Author: Bronwyn Bruton. Translation by Naomi Visser. Photograph by Celeste Reynolds
Professor Eugene Cloete (Vice-Rector: Research, Innovation and Postgraduate Studies) challenged delegates to change the paradigm of how learning happens and asserted that librarians lead the way and not follow. This was in his opening address at the Stellenbosch University 14th Annual Library Symposium which took place on the 3rd and 4th November 2016 at STIAS (Stellenbosch Institute for Advanced Studies). The theme of the symposium was Shaping the academic library of the future: adapt, empower, partner, engage.
Tanja Hichert’s invigorating keynote How to be ‘future-fit’ and manage complexity and uncertainty, highlighted the tumultuous times in which we live and the need to work a lot differently. “Regime shifts”, “systemic differences” and “stresses” are a part of our ‘vuca’ world of ‘volatility, uncertainty, complexity, and ambiguity’. Strategies she suggested include ‘crossing the river by feeling for stones underfoot’, and ‘start walking and the road will come to you.’
Dr Andrew Cox from the University of Sheffield ‘tackled’ the topic of Libraries and the wicked challenge of Research Data Management (RDM). Andrew explained that RDM is ‘wicked’ as the problem is unique, contradictory solutions exist, and it may not be ‘solvable’. He reiterated that librarians have a very positive role to play in the wicked challenge.
Anita Nel, CEO of INNOVUS, the technology transfer company of Stellenbosch University, enlightened delegates about how the Western Cape has significant potential to become a leading knowledge region, with no less than four universities and the MRC. Partnership with the library contributes to this vision.

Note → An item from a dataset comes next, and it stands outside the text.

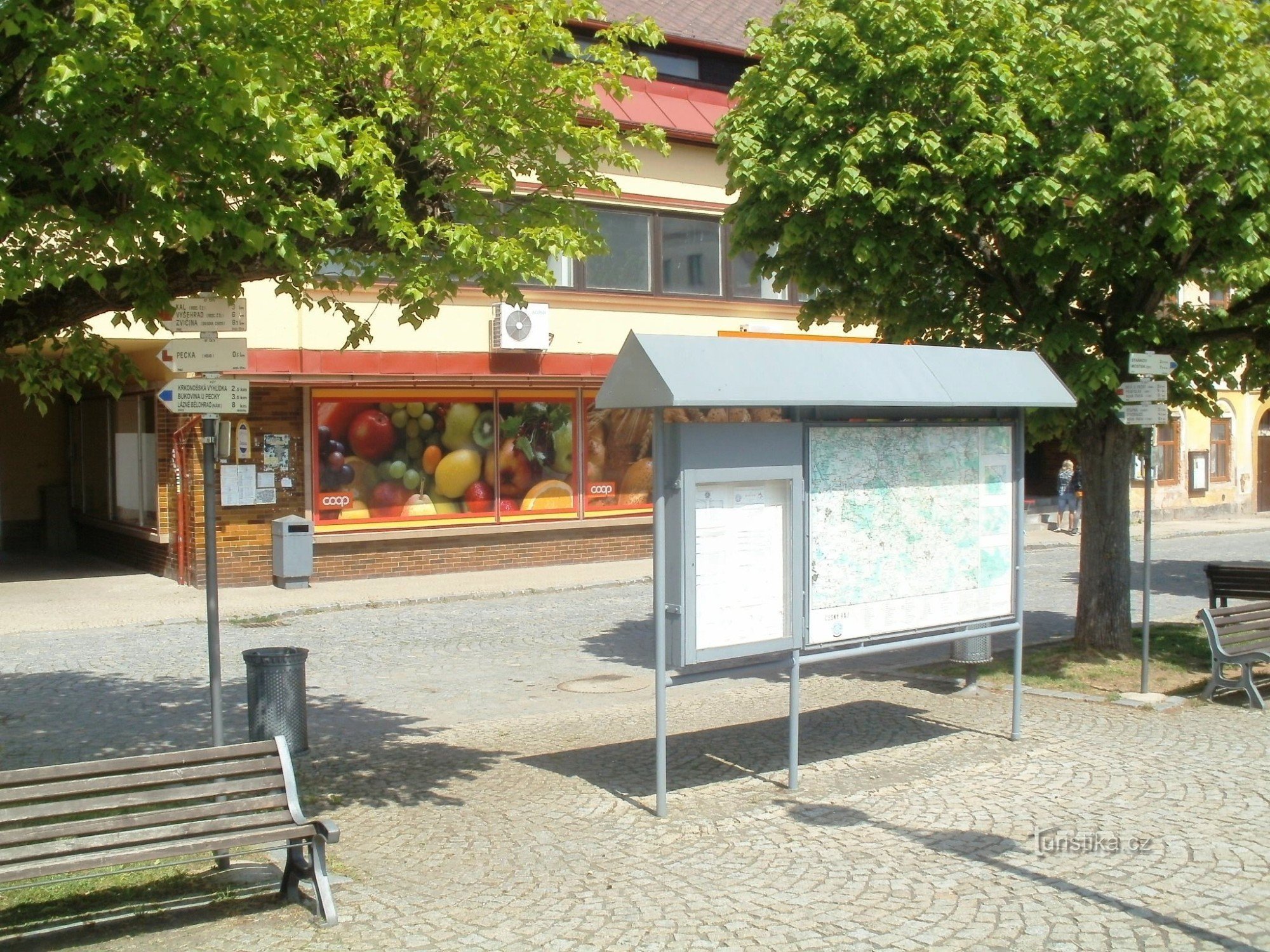 turistické rozcestí Pecka - náměstí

Kate Robinson, University Librarian from the University of Bath, provoked thought about what is possible for our libraries when institutions forge new connections and in different groupings. Kate enthusiastically shared insights about the Great Western Alliance (GW4) an open, collaborative and resourceful partnership of four research-intensive universities in the South West of England.
A mind shift is needed to understand the evolution of Web 3.0 for the library of the future. This was Prof Riaan Rudman’s message in a mesmerising, thought-challenging presentation. The user of the future is self-centred, seeks instant gratification, has a short attention span and would rather watch a YouTube clip than read a 30 page journal article. An enormous mind-jolt for librarians is that keyword searches are dying!
In his exciting closing address Professor Mark Swilling informed delegates of a ‘great transformation’ (both an industrial and an agricultural revolution), which will be undergone within 25 to 50 years. ‘Millennials’ will learn through distance learning and e-learning. Generosity, living for others, ‘relationality’ and open access are core values needed.
The Library Symposium was attended by 133 delegates from approximately 20 institutions. Forty-two library staff members from SU attended the symposium. The programme was certainly packed with much ‘mind-shifting’ content.